Nation/World

Russia’s greatest Napoleonic re-enactor found drunk in a river with the severed arms of his lover in his backpack

MOSCOW - Sunday was to have been the day of Oleg Sokolov’s spectacular suicide, in full Napoleonic costume, in St. Petersburg’s Peter and Paul Fortress across the Neva River from the Hermitage Museum.

Instead, having been fished out of the Moika River early Saturday morning with a backpack containing a woman's severed arms, he was in the Mariinsky Hospital, still very much alive, but recovering from hypothermia and facing a murder charge.

The 63-year-old Sokolov is an assistant professor of history and one of Russia's most prominent scholarly re-enactors of the Napoleonic wars. The arms in the backpack are thought to be those of one of his students, Anastasia Yeshchenko, 24, whose dismembered and decapitated body was found in Sokolov's apartment just a few houses down from where he was hauled out of the water, drenched and intoxicated, police said.

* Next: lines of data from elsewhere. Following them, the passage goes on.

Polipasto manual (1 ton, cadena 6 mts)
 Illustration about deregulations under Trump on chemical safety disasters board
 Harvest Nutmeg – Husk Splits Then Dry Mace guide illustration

Sokolov's lawyer told the TASS news agency that he has confessed to the murder, a crime of St. Petersburgian passion that has parallels both to Dostoevsky's novel "Crime and Punishment" - the use of an ax - and to the 1916 assassination of the mad monk Grigori Rasputin, with its denouement in the city's dark interior waterways.

There might be a little bit of Edgar Allan Poe in there, too: Sokolov told investigators that he shot Yeshchenko in a fit of rage on Thursday, then entertained guests on Friday while her body lay in a room behind a closed door.

After they left he apparently decided to dismember and dispose of the remains. He told police the task made him physically ill, and he drank heavily to keep himself at it. He might have jumped into the Moika, which is shallow enough to stand in, when the backpack didn't sink, or he might have been so drunk that he toppled in accidentally. Both versions have been reported. In any case, he called out in anguish, and a passing taxi driver called police.

His plan, local news organizations reported, was to make his way to the Peter and Paul Fortress on Sunday, dressed as Napoleon himself, and romantically take his own life in front of gaping and undoubtedly awestruck tourists.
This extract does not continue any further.